Heartworm disease is an infectious disease spread by mosquitoes. A mosquito carrying the heartworm larvae essentially injects these microscopic larvae into your dog by way of mosquito bite. The larvae mature into adult heartworms that can grow to a foot long. The adult worms set up shop in the heart, preventing proper functioning of the heart and eventually sending the dog into congestive heart failure.
While heartworm disease has long been present in New England, we have seen a recent uptick in cases in our area, likely riding in on the coattails of rescue dogs brought to New England from other parts of the country where heartworm disease is prevalent.
Heartworm testing should be done once a year. This simple blood test checks for heartworm and also screens for common tick-borne diseases seen in the area, such as Lyme disease, Rocky Mountain Spotted Fever, ehrlichia, and anaplasmosis.

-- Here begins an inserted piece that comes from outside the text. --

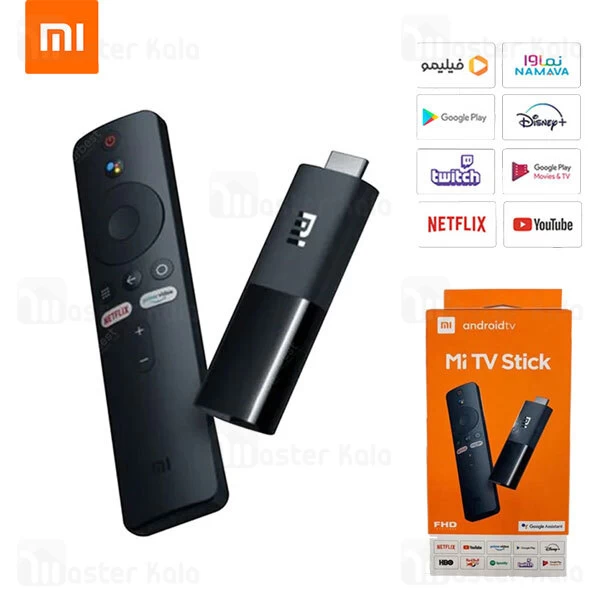 اندروید باکس شیائومی Xiaomi Mi TV Stick 1080p Android TV - گلوبال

We have a very effective preventive measure to protect your dog against heartworm: a once-monthly, flavored, chewable medication that most dogs eat as a treat. This medication works very well at keeping your dog from getting heartworm disease, and also treats intestinal parasites at the same time.
Heartworm prevention is critically important because treatment of heartworm disease is expensive and carries with it some risks and discomfort for your dog. Further, in recent years we have seen growing resistance to the treatment protocol. Thus it is important to give the once-monthly heartworm preventive regularly, and year-round.